Bug 4846

Summary: Performance problems for GTK+/Cairo on MacOS X
Product: cairo Reporter: Bogdan Nicula <bogdanni>
Component: xlib backendAssignee: Carl Worth <cworth>
Status: RESOLVED FIXED QA Contact: cairo-bugs mailing list <cairo-bugs>
Severity: normal    
Priority: high CC: billy.biggs, jwatt
Version: 1.1.1   
Hardware: PowerPC   
OS: Mac OS X (All)   
Whiteboard:
i915 platform: i915 features:
Attachments: profile with render disabled

Description Bogdan Nicula 2005-10-23 03:14:57 UTC
Please have a look at http://bugs.gnome.org/show_bug.cgi?id=319509
Comment 1 Bogdan Nicula 2005-10-23 23:22:08 UTC
Created attachment 3609 [details]
profile with render disabled

I disabled Render inside cairo-xlib-surface.c and my application returned to
decent speed (i.e. doesn't feel like swimming through mud) even on Apple X11. I
guess the X server doesn't matter much now, its top activity now is memcpy.
This configuration has the advantage that one can see clearly what's going on
and it's great that pixman is a mini-fb and has even the same function names.
I produced  a new profile with the main culprits.

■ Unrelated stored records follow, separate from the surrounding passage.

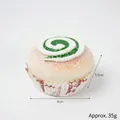 Modèle de cupcake artificiel en PU de 8cm avec crème blanche et glaçage vert - Vert Herbe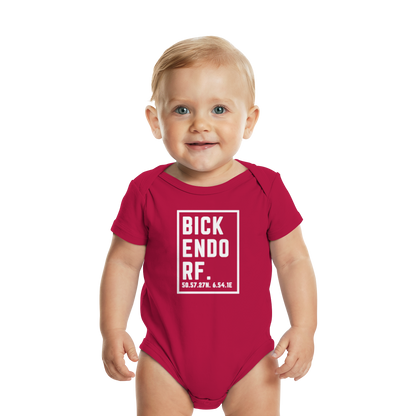 Bickendorf Koordinaten (großer Druck auf der Brust) - Organic Baby Bodysuit
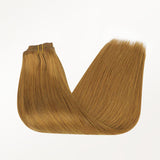 Medium Auburn Brown (30) Classic Clip-Ins (120g) – 100% Remy Human Hair by GOO GOO Hair.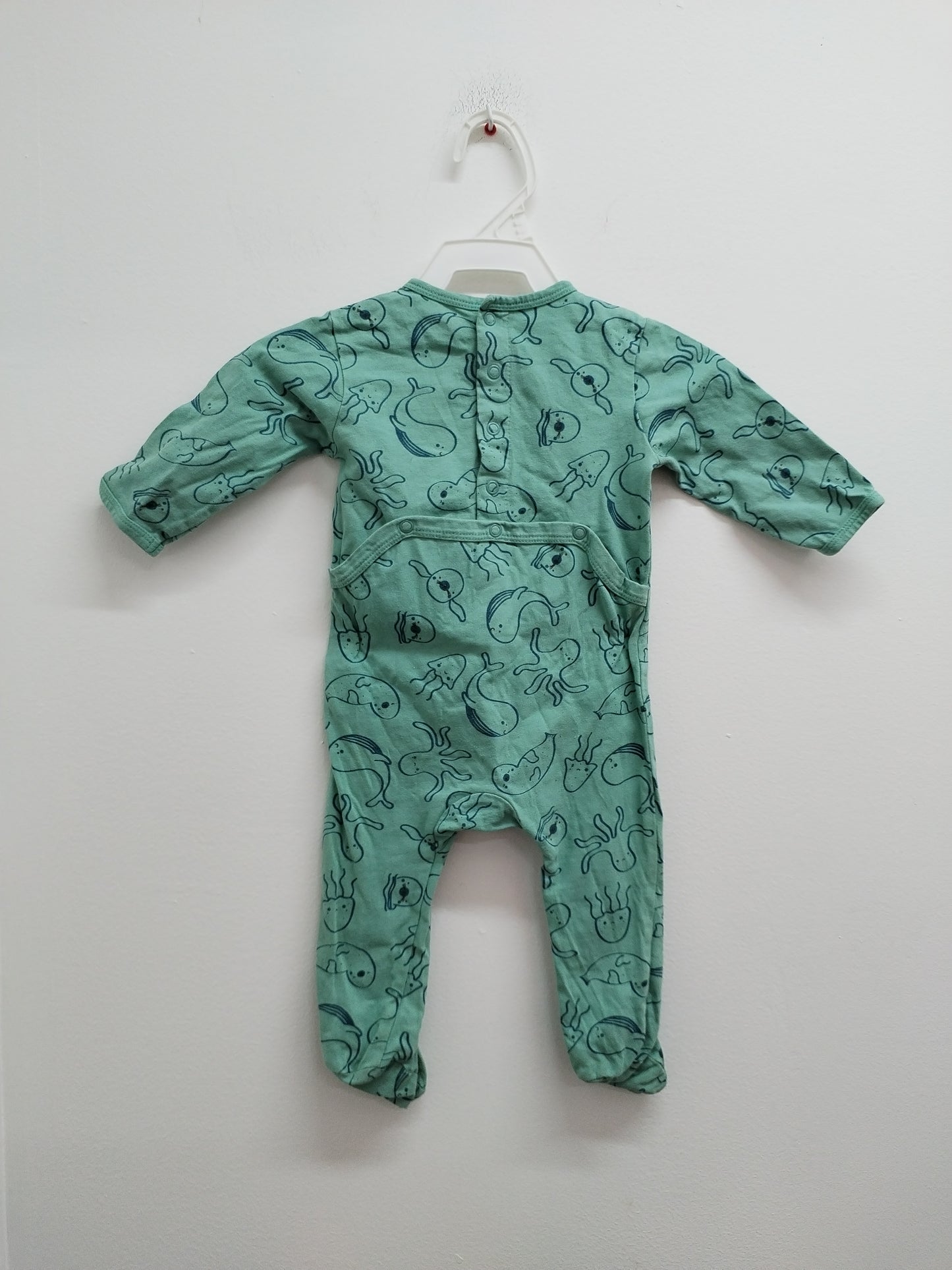 Pyjama Kiabi bleu vert à motifs Taille 9 Mois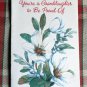 Vintage 80s- MERRY CHRISTMAS - proud of my GRANDDAUGHTER ** AMERICAN GREETINGS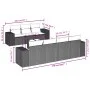 Gartensofa-Set mit beigen Kissen 8 Stück PE-Rattan von , Gartensets - Ref: Foro24-3254665, Preis: 644,49 €, Rabatt: %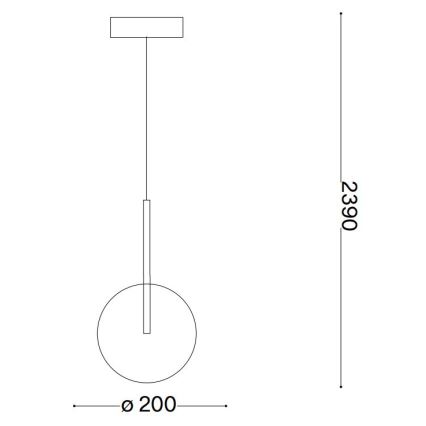 Ideal Lux - LED Pakabinamas sietynas EQUINOXE 1xG4/2W/230V diametras 20 cm žalvaris/dūminis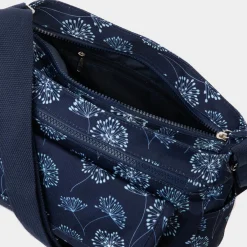 Cyndi Blue Floral Cross Body Bag*Bags Online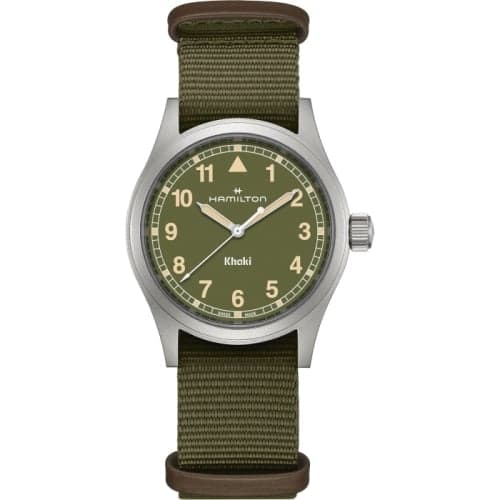 Hamilton Khaki Field Quartz 38 Stainless Steel / Green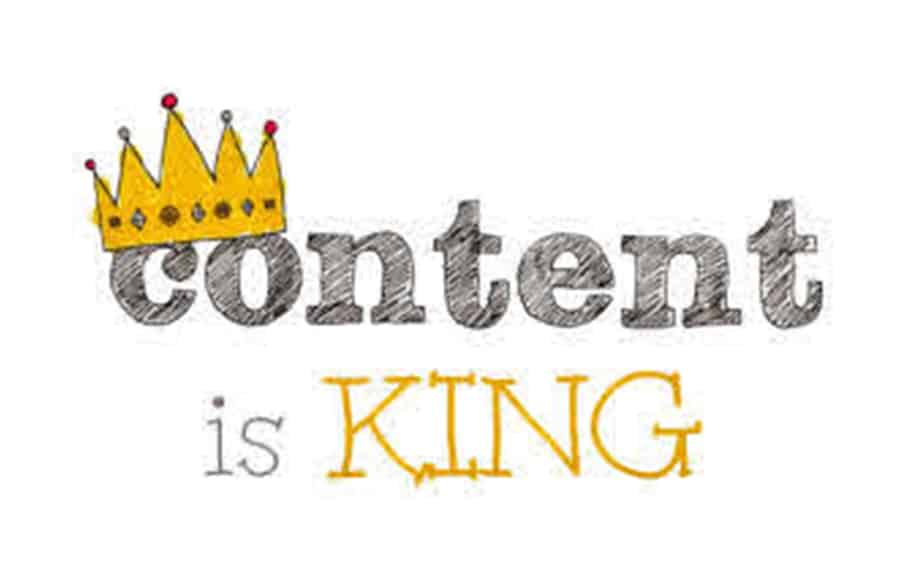 Content is king graphic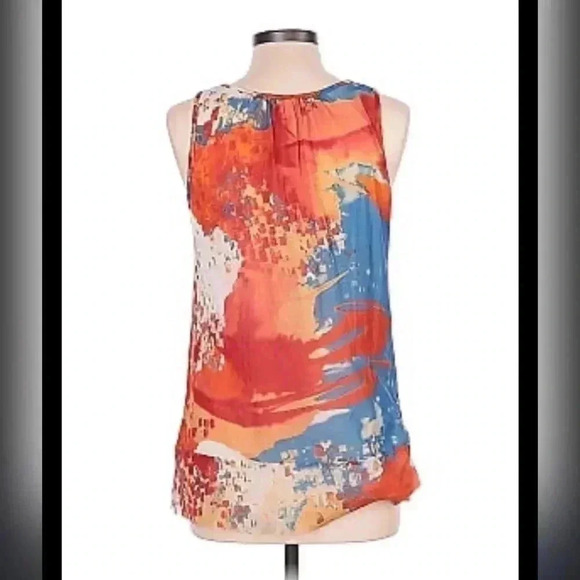 ANTHROPOLOGIE Weston Wear Visual Language Artsy Tank New With Tag - Picture 2 of 5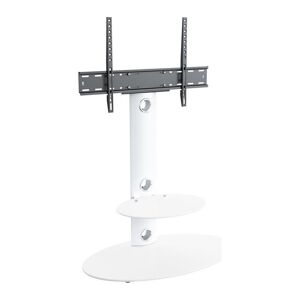 AVF Lugano FSL800LUSWW 800 mm TV Stand with Bracket - White, White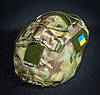 Кавер Kirasa на шолом з козирком Ballistic Helmet KC-HM001 піксель (KI604), фото 7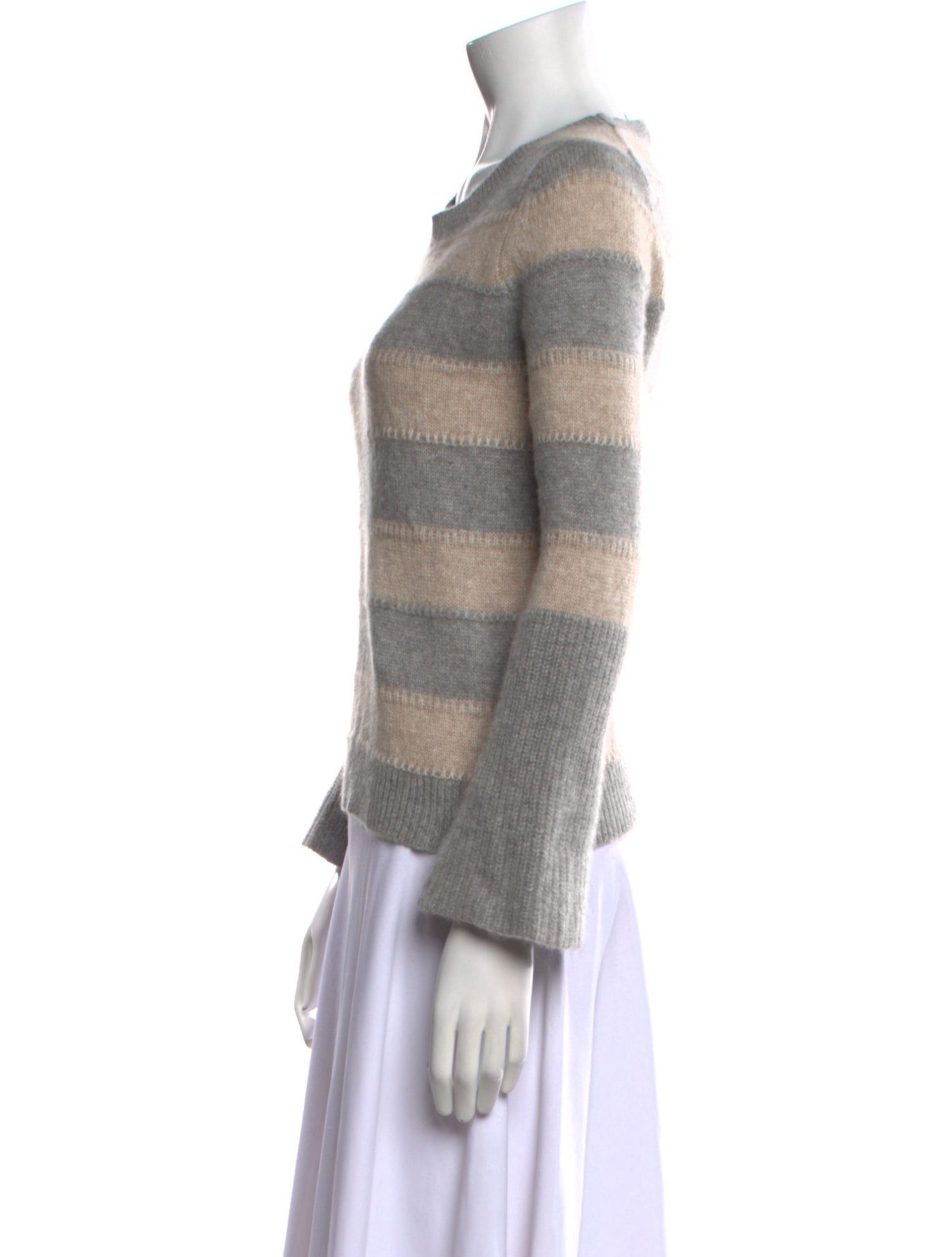 White + Warren Cashmere Striped Sweater
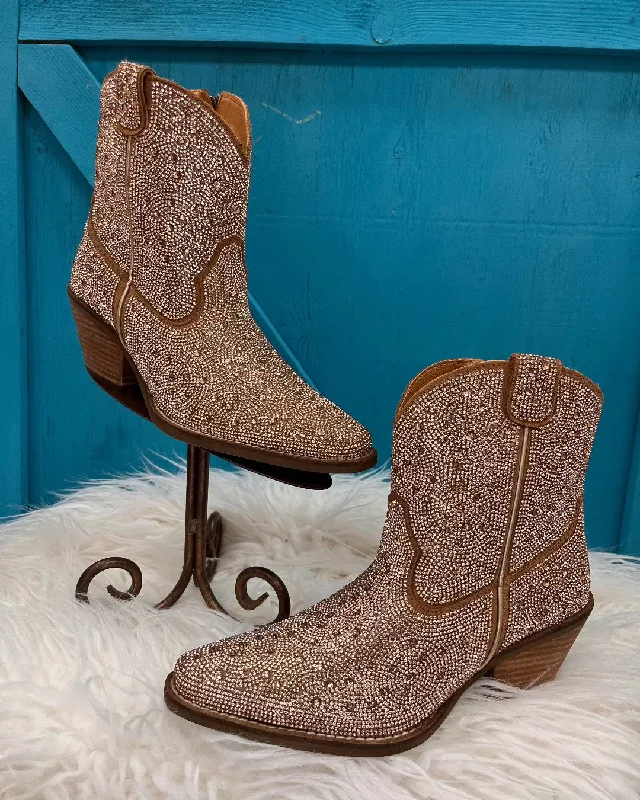 women's ankle boots with adjustable strapsDingo Women's Rose Gold Rhinestone Cowgirl Ankle Booties DI577-RG women's ankle boots with adjustable strapsDingo Women's Rose Gold Rhinestone Cowgirl Ankle Booties DI577-RG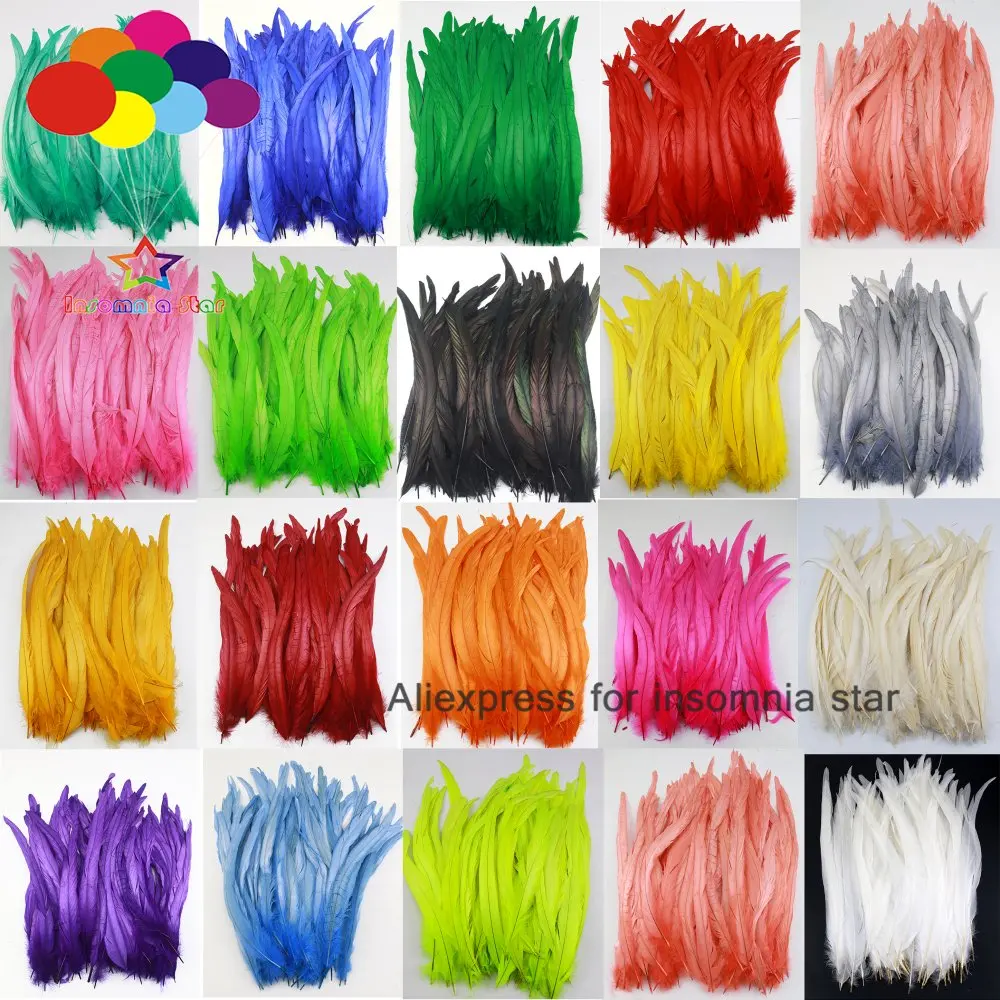 100PCS TOP Cocktail Feathers 8-10 inches 20-25CM by the CHOOSE YOUR 20 COLOR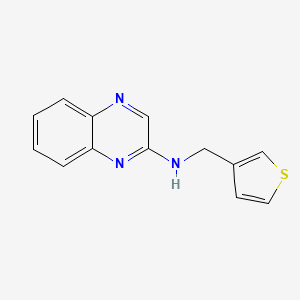 molecular formula C13H11N3S B7575762 N-(thiophen-3-ylmethyl)quinoxalin-2-amine 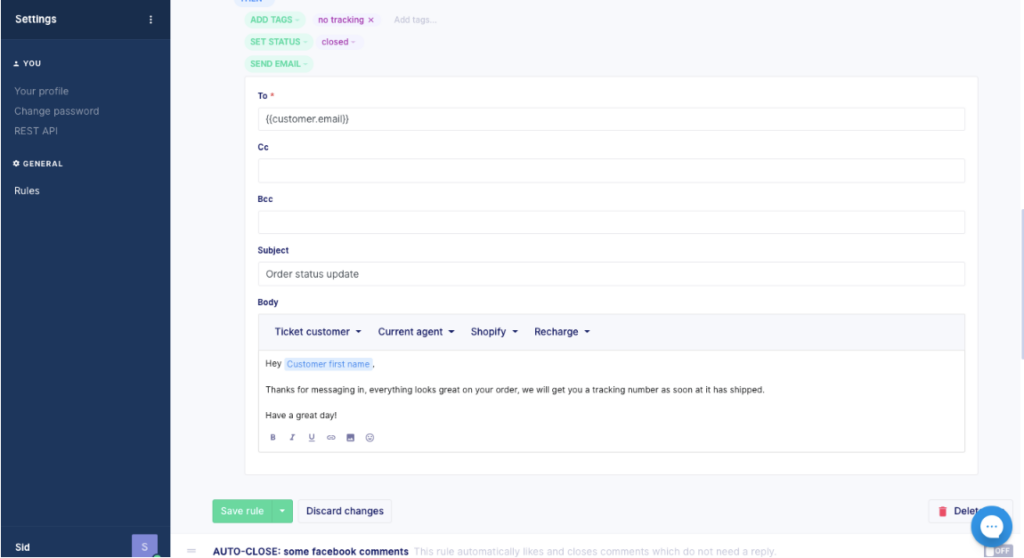 Gorgias screenshot - 10 meilleures alternatives à Front passées en revue en 2026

This is again operating the
UI of my application, which is nothing fancy (some comboboxes, an expander with
some sliders, a textview where short messages are displayed, a menu, a file
chooser, an aboutbox). I hope it is useful for you.
You can see that most of the requests come from GDK (and not from Pango,
sorry), in particular from gdk_window_clear_backing_rect, I suppose this is in
the GDK double-buffering.
Comment 2 Bogdan Nicula 2005-10-24 04:26:04 UTC
Further thoughts on this topic:

By using Cairo without Render, I basically shifted the CPU burden from the X server to my application. 
Profiling I see roughly the same CPU consumption for combined CVS X.org + my app, with and without 
Render. But in actual use, the application feels more responsive without Render, less latency maybe?

I want to rely on Cairo (for my own code as well) & GTK 2.8 and future versions, especially for my 
Windows users where it works pretty well. I want the distribute the compiled binary to my Mac OS X 
users. Since they don't normally have those libraries, I link to them statically on Mac OS, so I have 
control over them. While I could bundle an X server with my application (on Mac OS X the X server is 
just another application), this is fragile. I hope pixman is kept fairly in sync with x.org server fb, is this 
true?

Any optimization in the higher levels of Cairo and GDK/GTK would be welcome of course :-). This 
would benefit all platforms. I could help in testing and profiling.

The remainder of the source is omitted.